Eventually

I had a big pre-snow afternoon.  The temperatures are hovering 2-5 degrees above zero at night now, and the snow is close enough now to be imagined covering everything, so now is the time to clean the yard of anything that you don’t want to have to deal when it melts next year.

My main goal of the day was to mulch the potatoes that I’m leaving in the ground, and also to take down my upside down tomatoes that were becoming very unsightly.

Here’s how that went.

First I need to put the trickle charger on my battery but before I move my truck I should load in the stuff I need tomorrow, and to do that I need to unhitch the trailer, and then I see the compost is full when I’m looking for a wrench to undo the battery.
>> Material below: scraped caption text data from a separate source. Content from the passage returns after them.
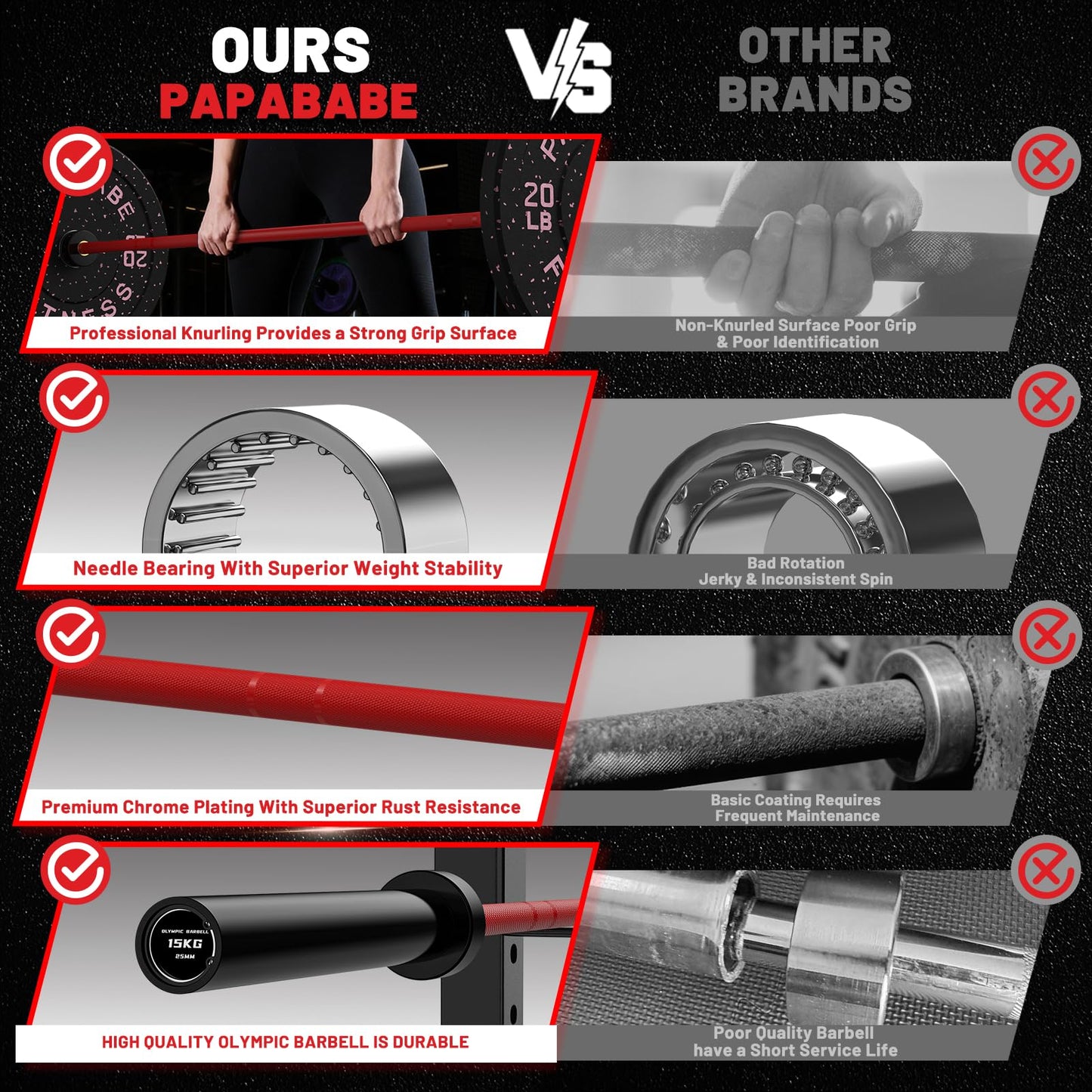 25mm 35lb Womens Olympic Barbell 6.5FT Olympic Barbell 2inch 1000lb Capacity Olympic Bar with Moderate Knurling For Squats Curls Deadlifts Weightlifting Red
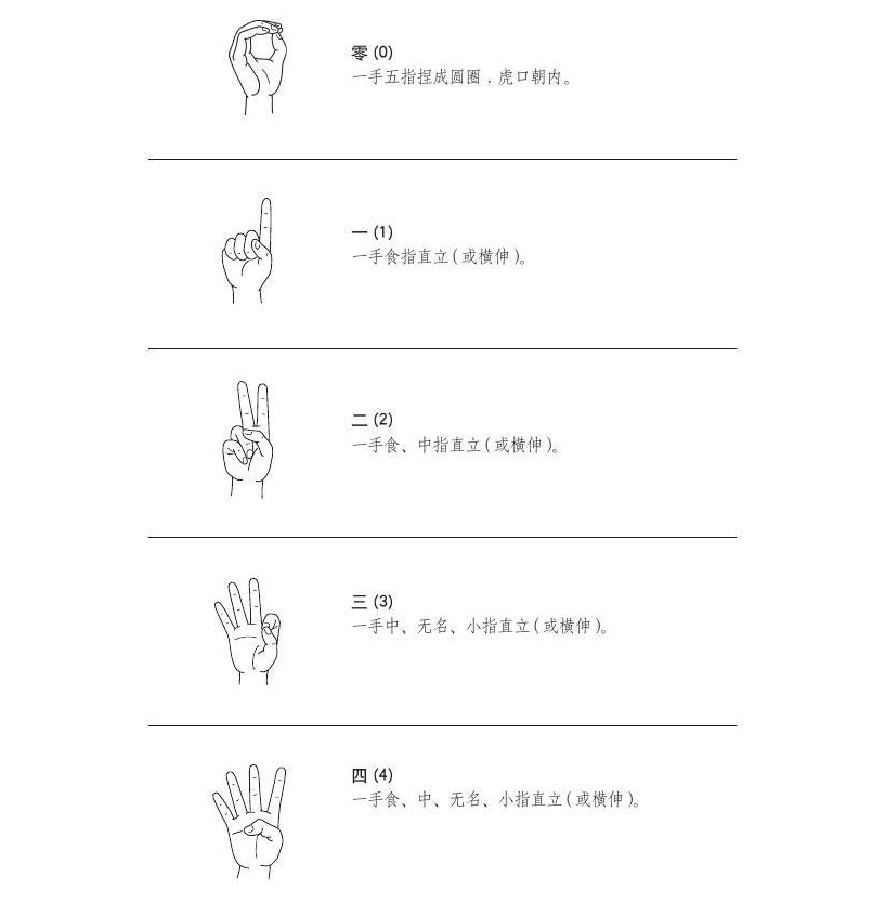聋哑人玩游戏厉害吗_适合聋哑玩手机游戏孩子能玩吗_适合聋哑孩子玩的手机游戏
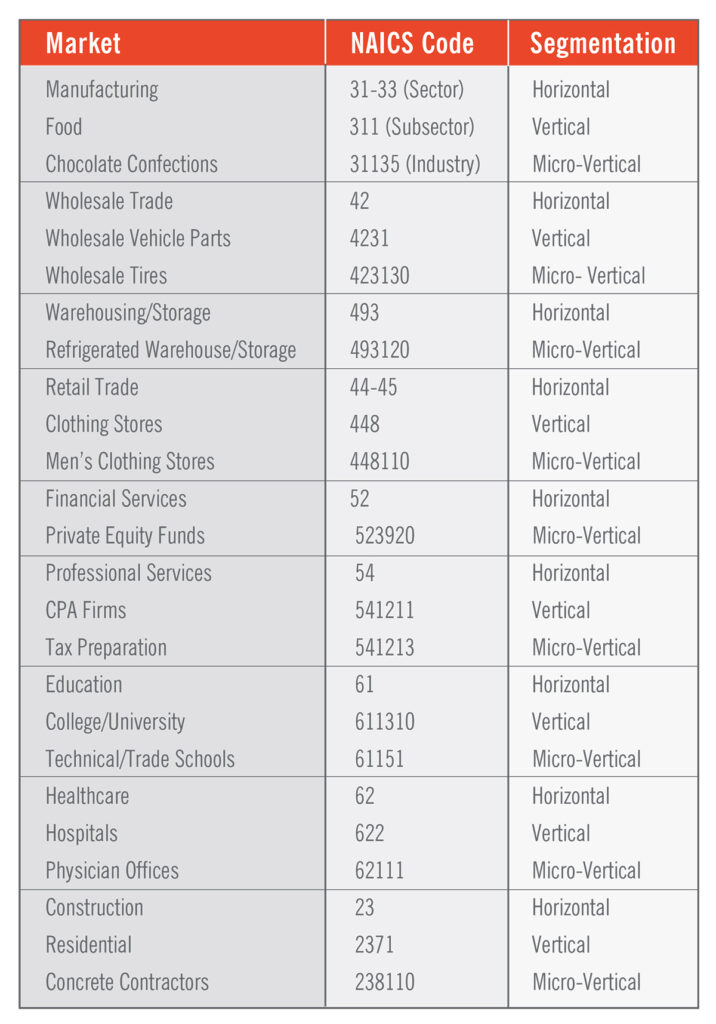 Micro-Vertical Marketing Industry Classifications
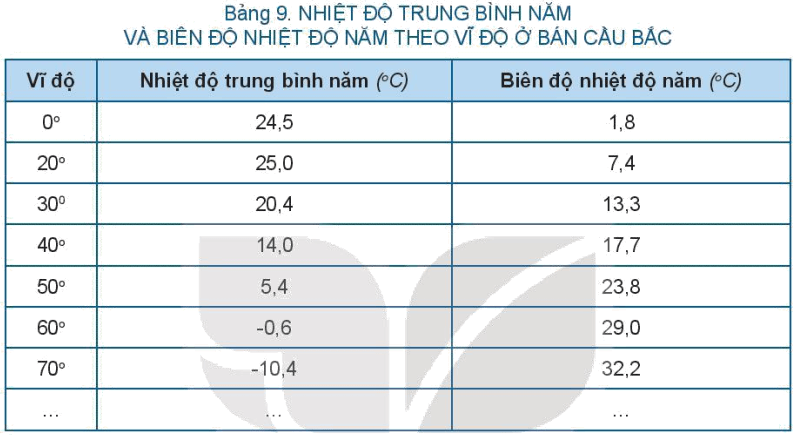 Dựa vào thông tin trong mục a và bảng 9, hãy nhận xét về sự thay đổi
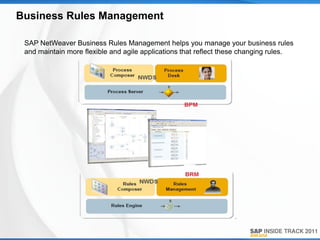 Business Rules Management

 SAP NetWeaver Business Rules Management helps you manage your business rules
 and maintain more flexible and agile applications that reflect these changing rules.
 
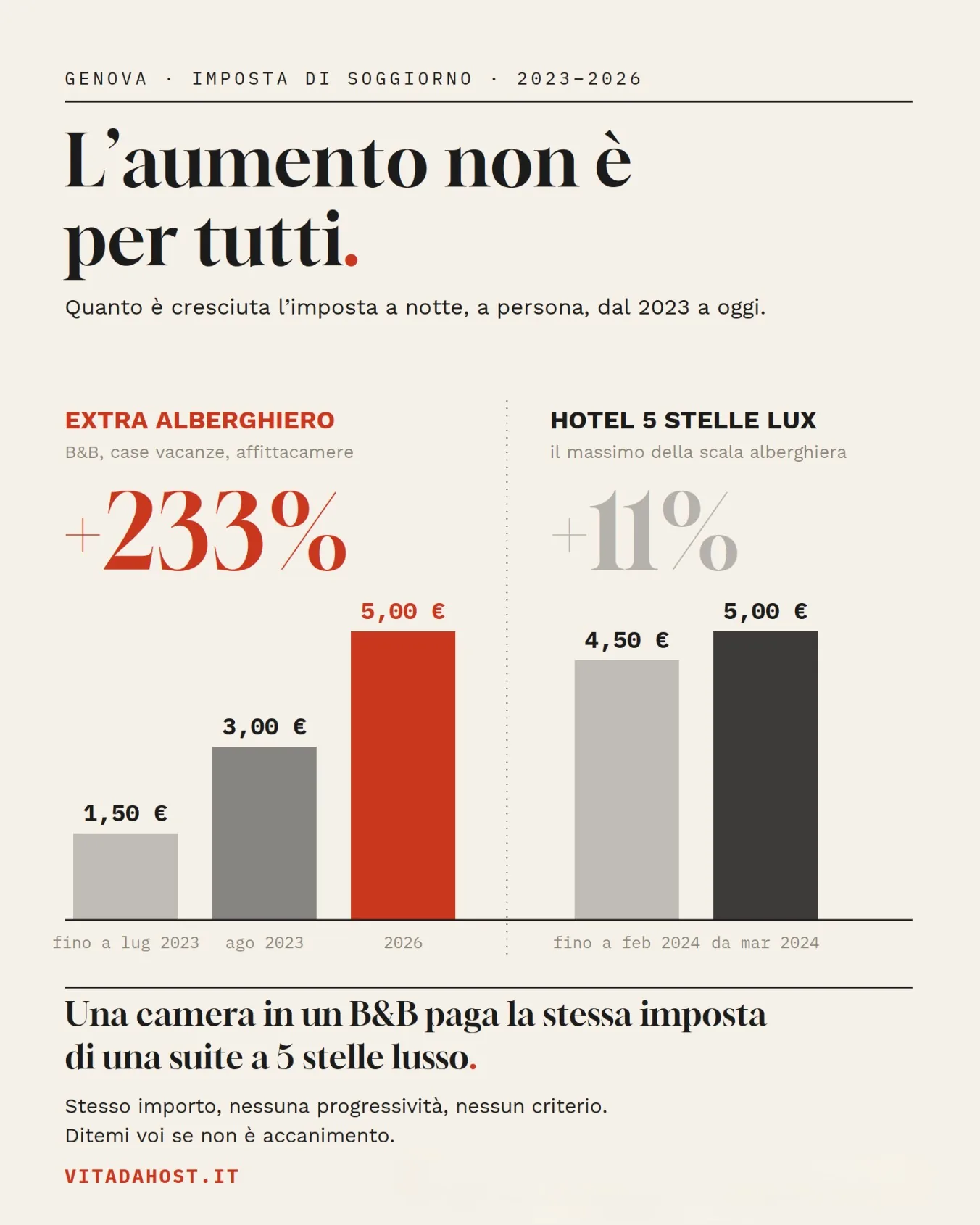 Aumento imposta di soggiorno Genova B&B e case vacanza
I might as well dump the compost on my way to the garden, and there’s also garbage; I might as well load that up too but the bags are ripping, and on my way to get more garbage bags I see some plastic by the side of the garage that should go to the dump too and then the whole side of the garage is piled with wood and ancient tires and garbage that were here when we moved in, and I sort and load all of that junk and move the wood into the scrap wood shed, and then I notice a snarl of fencing and barbed wire to drag to someplace better, and then when I move the tires to the tire pile, I see some more plastic in the woods and follow the trail of garbage that some bear dragged away and distributed long ago, and then if I’m loading up for the dump now I might as well address the old slash pile, and clean up the old wood and berry brambles on that, and after that, then I should move all the ash so the burn scar could rehab to grass, and for that I need the wheelbarrow.

That’s the first time I got near the garden, because that’s where the wheelbarrow was.

While I’m in the paddock with an empty wheelbarrow I may as well pick up all the manure first, and if I’m doing that then I can clean up some leaves too, and then I move a couple loads of ash and dirt off the burn scar, and since the tomato dirt is going to the same place I can take those down (aha!) and then I have to put those pots away and while I’m there I should rip out the squash and corn patch that didn’t do so well, refill Mucky’s water, and empty the basil pots and all those stalks go in the compost bucket and then I go to dump that at last, and over there I find some more garbage and clean up a bunch of rocks that  Mucky’s been strewing around, and put away some more random wood.

Now I’m hungry.  And filthy.  So I have to wash my hands before I eat anything, and there’s some dishes to wash, but the light is starting to fade, so I get back outside asap, and start moving hay.  Luckily, nothing else got between me and the hay pile.

I move the whole remaining haypile onto the potatoes, heaping them a foot deep in the dark, disintegrating mulch.  I feel pretty silly squinting to see where I’m dumping the barrow while passing cars all have their lights on.  It’s so dark when I finish that I lose track of the pitchfork and am stumbling around trying to even out the hay on the potato bed.

Mission accomplished!

Eventually.

On one hand I feel like I should follow priorities from the top down, most important first, but on the other hand, working like this feels perfectly organic and smooth.  Following the trail of all the things wanting doing that catch my eye, or as they make sense to pick up as I’m on the way to do something else, feels very active and efficient.  Although the main goal often seems to be getting farther and farther away, as I’m suddenly moving firewood and fixing tools and cleaning out my truck when I meant to be building windows, it also seems full of faith, that it will all get done at exactly the right time, and maybe it’s perfect timing to be doing what comes to hand.

If I see something I want to do and can’t do it right then because I “have to” do something else, I get a little agitated, and have to make a mental note, and the mental notes can add up.  However, working in this way is so mentally freeing because there is nothing in my head or distracting me, except one overall thought (“eventually, I want to get to the haypile”).  It’s not easy to do, because time needs to be or feel open-ended, and the “should”s are powerful, but working in this way is so liberating.  For me.